_WHAT IS EXPECTED_
Transcribe the listing in full, excluding any pictures.

[Opening DATA BELOW section]

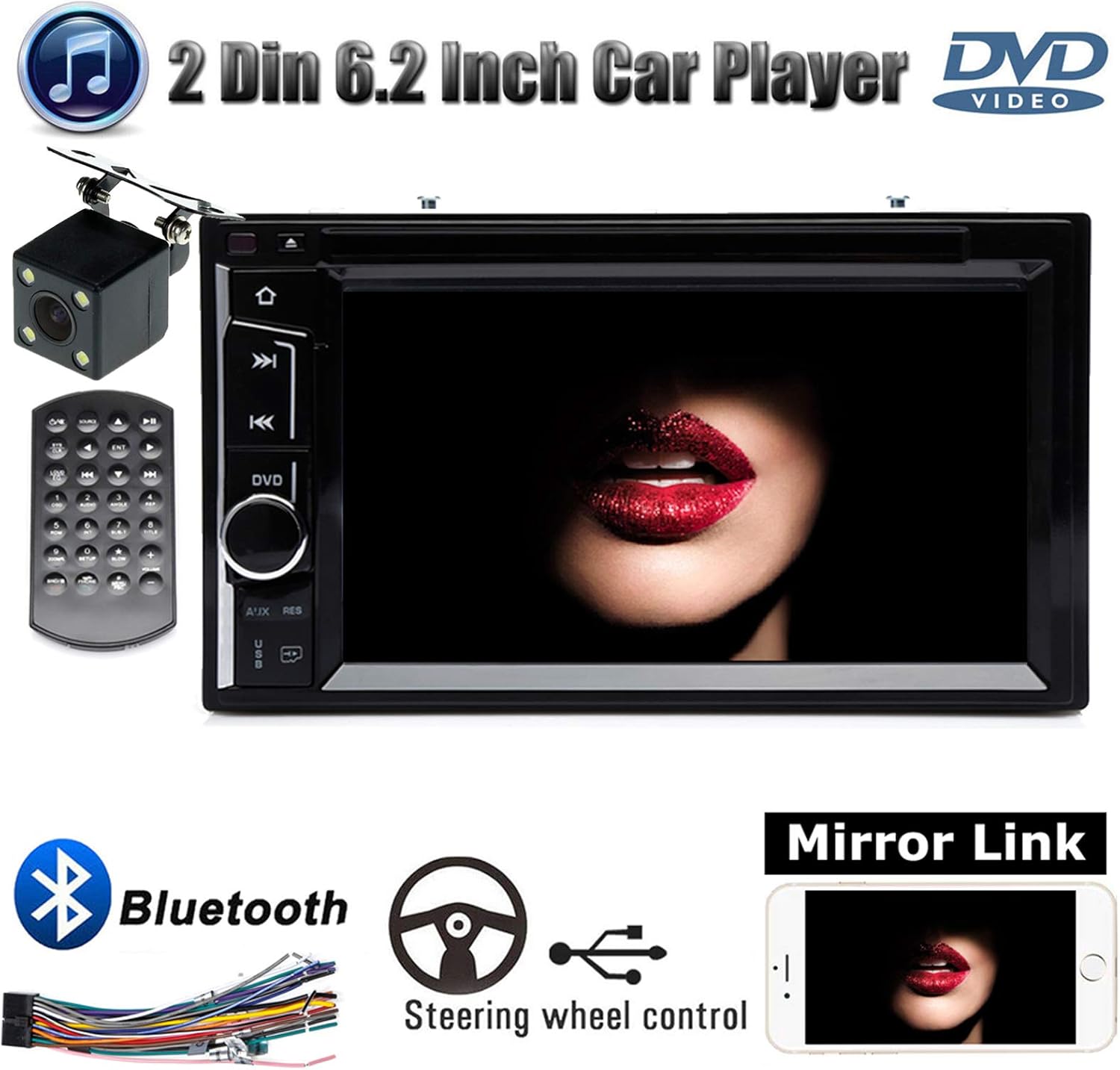 Double 2Din Indash Car Radio with Backup Camera Stereo CD DVD Player Mirrorlink Bluetooth Steering Wheel Control Touch Screen Subwoofer AUX for Ford F-150 XLT Extended Cab Pickup 4-Door 2004-2007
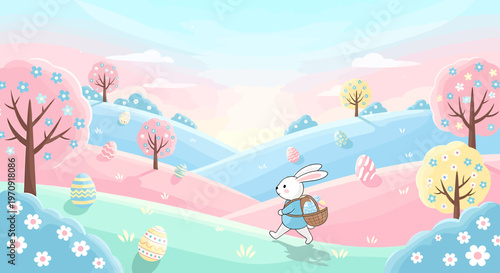A cartoon bunny in a blue shirt walking on a colorful landscape with trees and flowers.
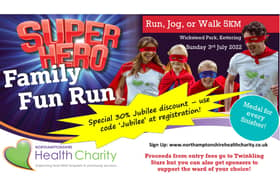 Northamptonshire Health Charity is offering a Jubilee discount to fun runners signing up for its Superhero event at Wicksteed Park in July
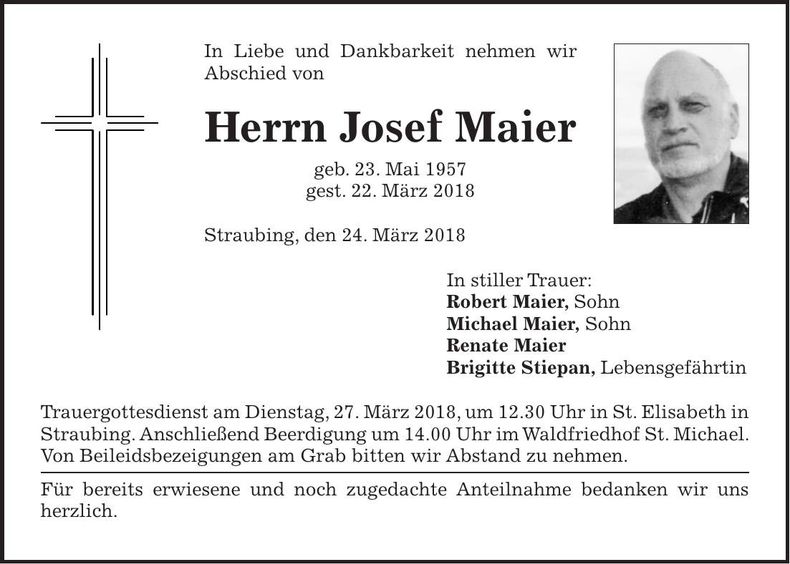 Traueranzeige Josef Maier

[Closing DATA BELOW section]

_RESPONSE_
 Double 2Din Indash Car Radio with Backup Camera Stereo CD DVD Player Mirrorlink Bluetooth Steering Wheel Control Touch Screen Subwoofer AUX for Ford F-150 XLT Extended Cab Pickup 4-Door 2004-2007
A cartoon bunny in a blue shirt walking on a colorful landscape with trees and flowers.
 Northamptonshire Health Charity is offering a Jubilee discount to fun runners signing up for its Superhero event at Wicksteed Park in July
 Traueranzeige Josef Maier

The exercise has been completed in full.